What is needed -> Would you reproduce each line below exactly, leaving every picture out?

Input data ->
____________

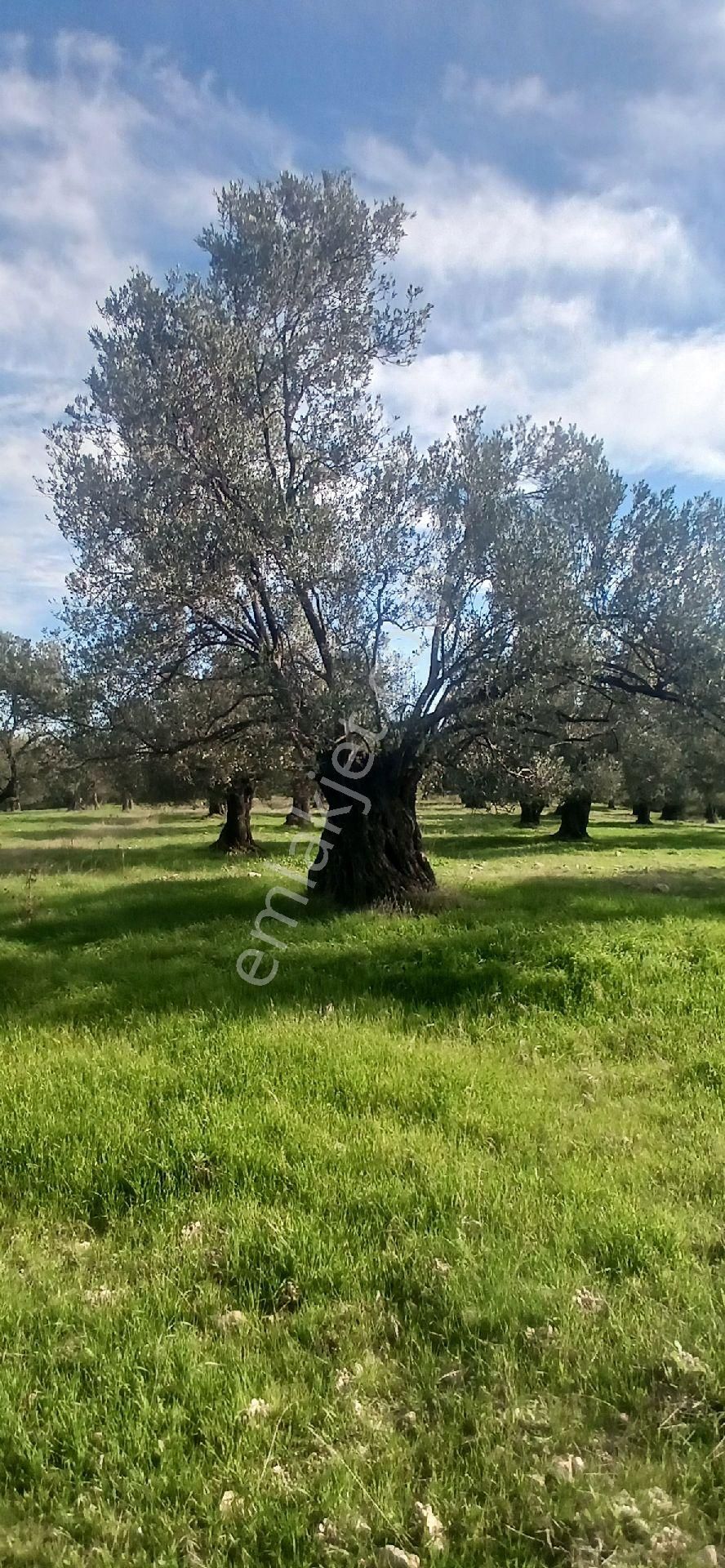 Ayvalık Merkeze Yakın Zeytinlik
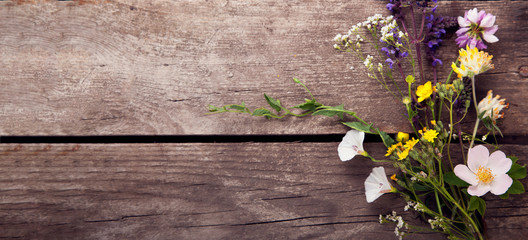 Wild flowers on old grunge wooden background (chamomile lupine dandelions thyme mint bells rape)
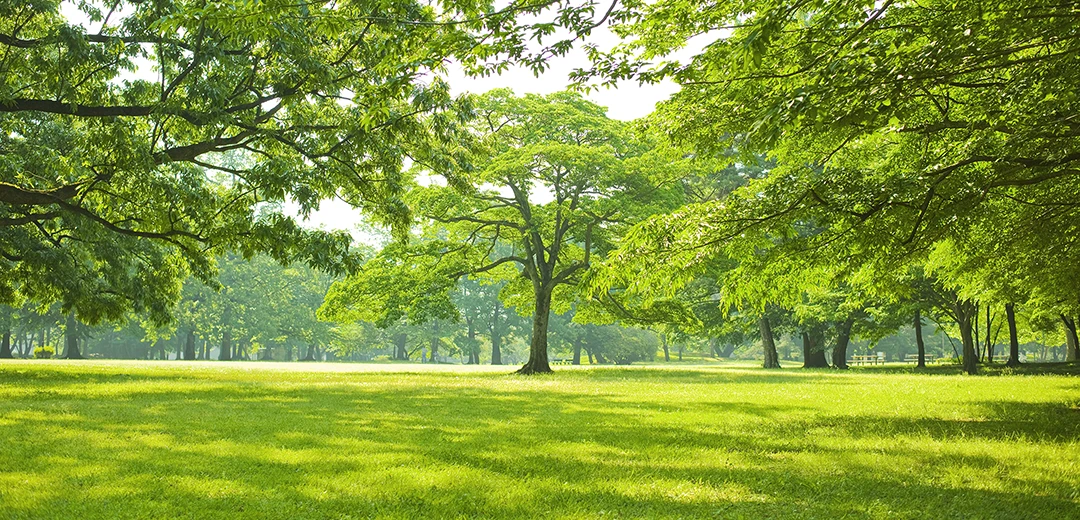 自然の美を楽しむ庭木の管理と剪定をお任せください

____________

Response to the exercise ->
 Ayvalık Merkeze Yakın Zeytinlik
 Wild flowers on old grunge wooden background (chamomile lupine dandelions thyme mint bells rape)
 自然の美を楽しむ庭木の管理と剪定をお任せください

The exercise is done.